Well, we get back to Oregon and they cat him up. He's a CAT2 now. First couple races he takes his lumps. Some because there's two or three guys who really are just as strong, but mostly because he's making colossal mistakes. Stuff like dragging around a break of 10 guys just because he can or sitting on the back of the group in a crosswind. Big mistakes. Nothing subtle about it. The type of mistake you make once; twice if no one is around to point it out. That's really all he needed. Stop making the colossal errors. After two months his technique locks in, he gets race fitness, he figures out Race Tactics-101 and then no one can touch him. He wins the state road championships in early June. Alone. By two minutes at the top of a climb. They cat him up to CAT1.

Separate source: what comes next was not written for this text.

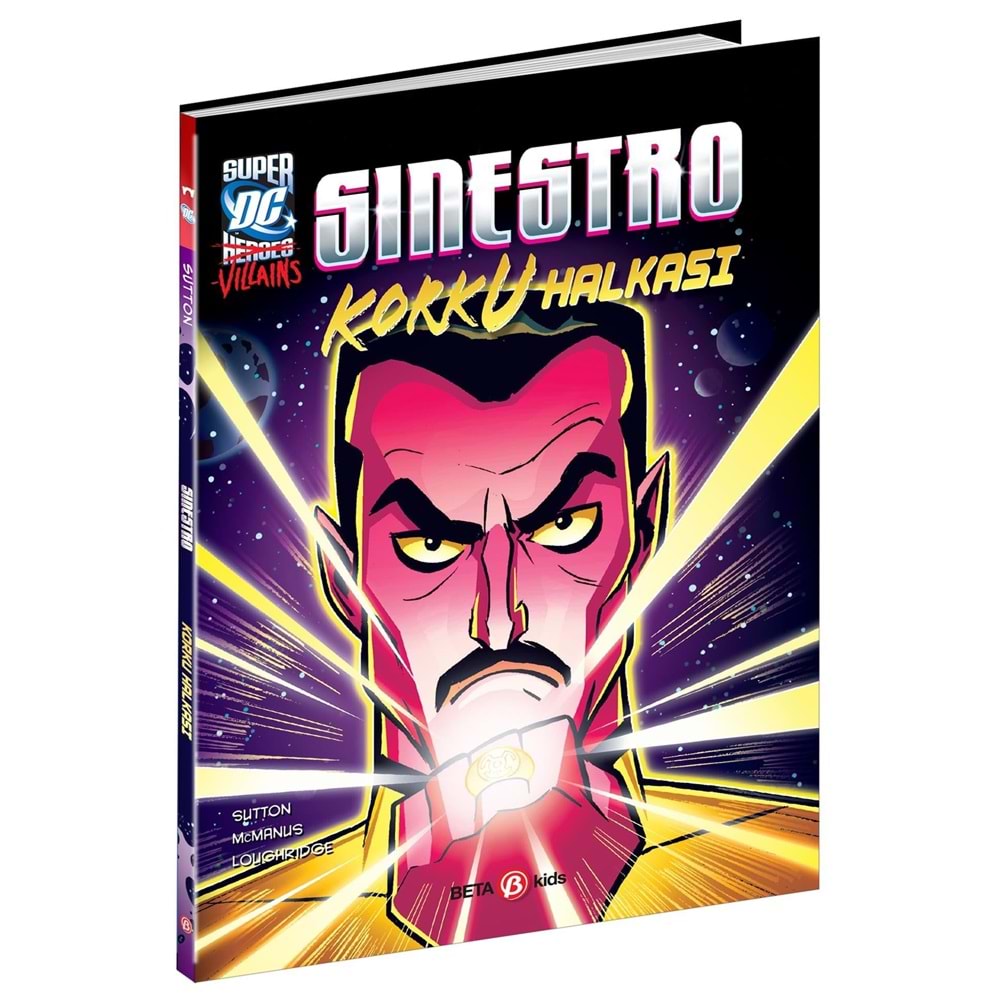 SINESTRO KORKU HALKASI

He started racing in February as a CAT5 and less than five months later he's a CAT1.
Stuff of legend.
IAN CRESTWELL
Bob Hans was the CEO in charge of marketing at CBS television. He sat behind a massive oak desk, a view of downtown New York City through the tall windows behind him. He liked wood. The naturalness of it. His floors were bamboo and the chairs and the giant conference table and coffee table were made of massive beams and slabs of bleached oak. The furniture was bulky. Hand crafted. Rustic. Everything else in the office was sleek. Aerodynamic. Low profile electronics, laptop, desktop phone. He picked it up.

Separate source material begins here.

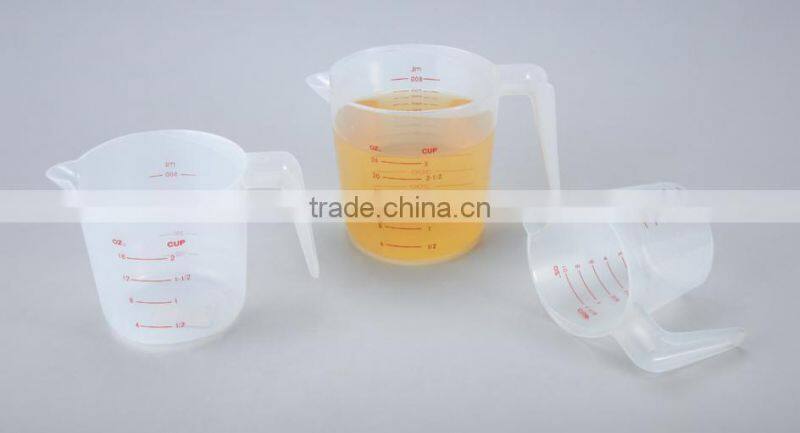 3Pcs Measuring Cup Set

"Marcie, has Ian Crestwell arrived?"
"No Mr. Hans."
"Okay... Well, show him directly in when he gets here."
"Will do, Mr. Hans."
Hans looked over to his new Trek Madone road bike. He just outfitted it with the carbon fiber deep-dish Bontregger wheels. Leaning next to it a six-by-10-foot hardback laminated poster of Ian Crestwell at the top of Mont Ventoux. Exhausted. Foggy. His arms, eyes cast upward in triumph. The words Making the Team are above his head. His hands, through the magic of Photoshop, are a layer above the letters that spell out the name of the new reality show. Drop shadows for effect.
The big oak door to his office opened. A petite, pretty, business suit secretary stopped at its threshold.
"Mr. Hans, Mr. Crestwell is here to see you."
Mr. Hans stood. Crestwell entered. He strode across the bamboo floor, hand extended. Hans noticed his size as the champion stood in front of him. Smaller than on television. He noticed Crestwell rocking on the balls of his feet. Forward and back. Forward and back. Hands stuffed in pockets. His storied barreled chest pushed out with each nervous bob on his Nike running shoes. Designer jeans. Designer t-shirt. It's an honor, Hans said.
"The pleasure is all mine," Crestwell said. "So, I understand you've got a reality program you want to pitch me? I didn't get a chance to read the synopsis you sent over. Just scanned it. It sounds interesting. Making the Team?"
"Yes. I think this project is perfect for you."
"Well, it would be just about impossible to make it without me."
"Eh, yes... I've heard you are a tough negotiator."